PMI data was also marked slightly higher with German manufacturing at 65.1 versus 64.9. Eurozone manufacturing was also marked higher by a smaller 63.4 versus the 64.1 that markets had expected. Data for the UK went the other way with a downward revision to 63.9 from the 64.2 level first stated.
BoE still sees temporary inflation bounce
The Bank of England’s Governor Andrew Bailey said on Thursday that markets shouldn’t over-react to a rise in inflation that will likely prove to be temporary during Britain’s economic recovery.
Repeating the same the message from the bank’s recent policy meeting, Bailey said that the bank’s belief in temporary inflation was “well-founded”.

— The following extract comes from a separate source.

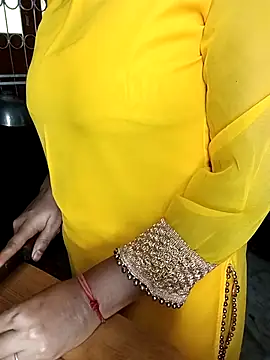 EeshaBhabi online show from 5, 3, 2026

“It is important not to over-react to temporarily strong growth and inflation, to ensure that the recovery is not undermined by a premature tightening in monetary conditions,” Bailey said in an annual Mansion House speech.
However, Bailey added that the BoE would watch carefully for signs of more persistent inflation and act accordingly.
“And if we see those signs, we are prepared to respond with the tools of monetary policy,” he said.
The price of sterling fell on the comments as the chances of a rate hike fade. British consumer prices jumped to 2.1% in May, topping the BoE’s 2% target for the first time in two years.
Last week, the central bank said inflation would surpass 3% but the outgoing Chief Economist has said that 4% is possible. Higher energy prices and supply chain shortages were seen as the drivers of the recent inflation jump and traders looked for the bank to exit stimulus measures sooner than the bank had previously expected.
The GBPEUR was rejected two weeks in a row at the 1.17 level and may try to test the 1.16 level again.